Fifty-eight percent of respondents supported the measure, 32 percent were opposed, and 10 percent indicated they didn’t know or didn’t answer. Bendixen & Amandi International conducted the poll Sept. 27-29 in English and Spanish. It has a margin of error of plus or minus 3.5 percentage points.

The voter initiative is the culmination of three years of work by gun control activists.

In 2013, then-state Sen. Justin Jones, D-Las Vegas, sponsored a background checks measure that passed in both legislative chambers, which were then controlled by Democrats. The bill was vetoed by Republican Gov.
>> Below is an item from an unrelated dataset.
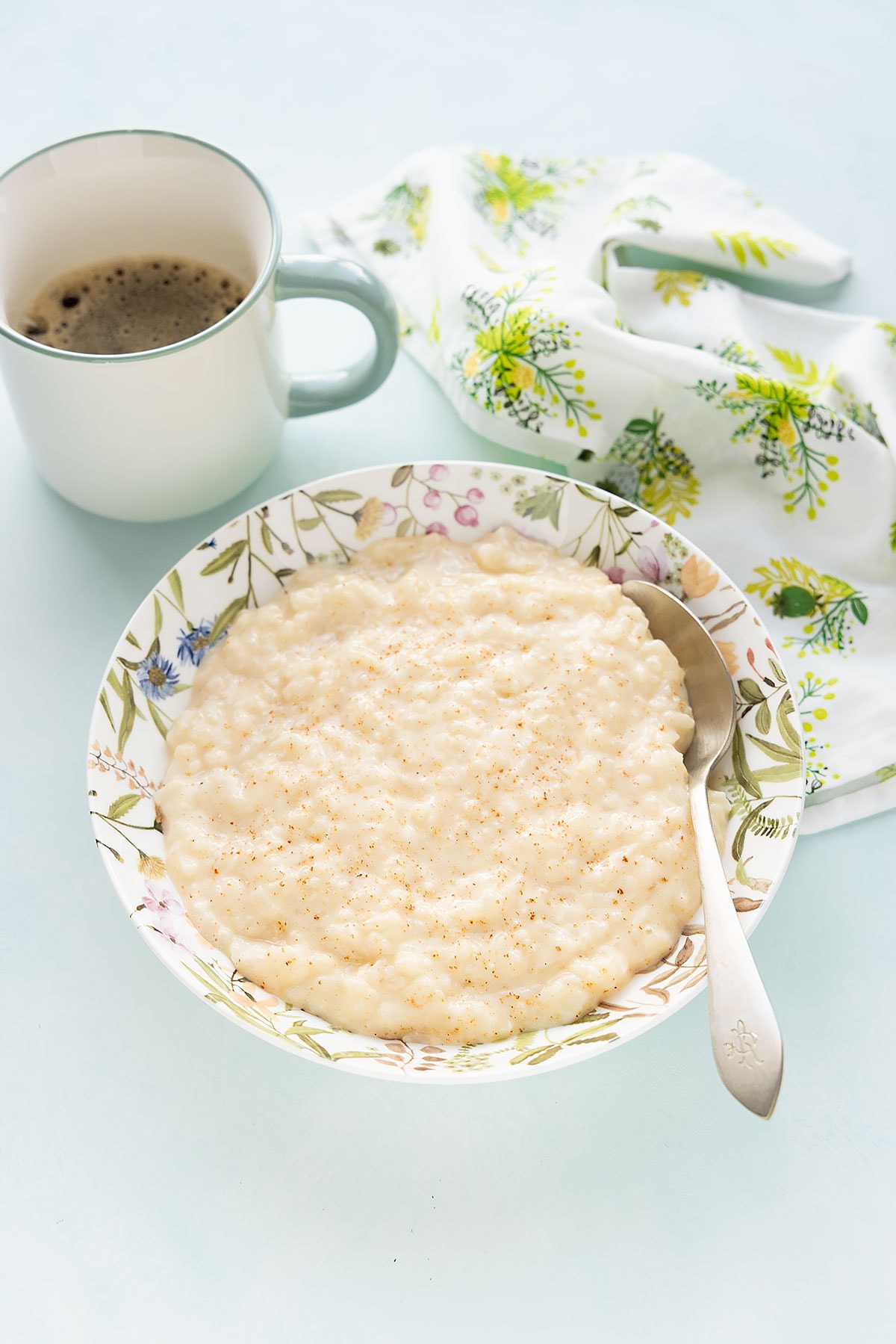 Arroz con leche salado (savory, sugar-free rice porridge).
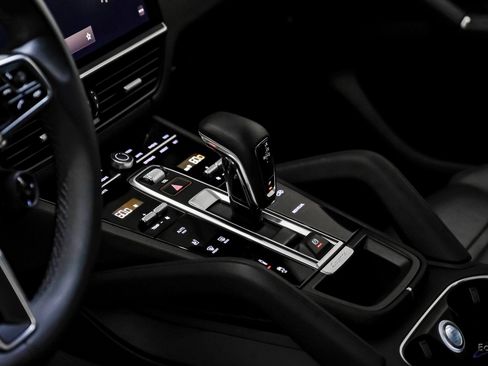 Used 2023 Porsche Cayenne image 51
Brian Sandoval, who called it an erosion of Nevadans’ Second Amendment rights.

Nevadans for Background Checks emerged shortly afterward and gathered 166,779 signatures to send the measure back to the Legislature.

National gun control group Everytown for Gun Safety spent nearly $2 million on Nevadans for Background Checks’ formation and petition drive in fall 2014.

When the Republican-led Legislature failed to take up the measure during the 2015 session, the initiative was passed on for voters to decide.

PROPONENTS

Gun control activists have been working to pass the measure for three years and have racked up numerous endorsements and campaign contributions along the way.

Question 1 has earned the endorsement of the Nevada Association of Public Safety Officers, Las Vegas Fraternal Order of Police, Nevada Chapter of the National Latino Peace Officers Association, the Latin Chamber of Commerce, Las Vegas Asian Chamber of Commerce, Nevada State AFL-CIO, Culinary Local 226, Nevada State Education Association, Nevada Parent Teacher Association, and the Nevada Network Against Domestic Violence.

Nevadans for Background Checks and Everytown for Gun Safety maintain that states that go beyond federal law have seen marked reductions in gun violence.

Multiple states, including California, Colorado, Connecticut, Delaware, New York, Rhode Island and Washington, as well as the District of Columbia, require background checks for all sales and transfers of firearms.

OPPONENTS

Gun rights activists, however, say expanded background checks will only inconvenience law-abiding citizens. At worst, the law could criminalize the common habits of many gun owners, the National Rifle Association has said.

The campaign against the initiative has said the law is poorly worded and unclear. It doesn’t define what constitutes an established shooting range or what the “reasonable fee” for the new class of background checks would be.

The NRA has said the law would require background checks even for temporary transfers.

The law includes exceptions for firearms instructors and immediate family members but could make it illegal for soldiers to have friends hold on to their guns while they are deployed.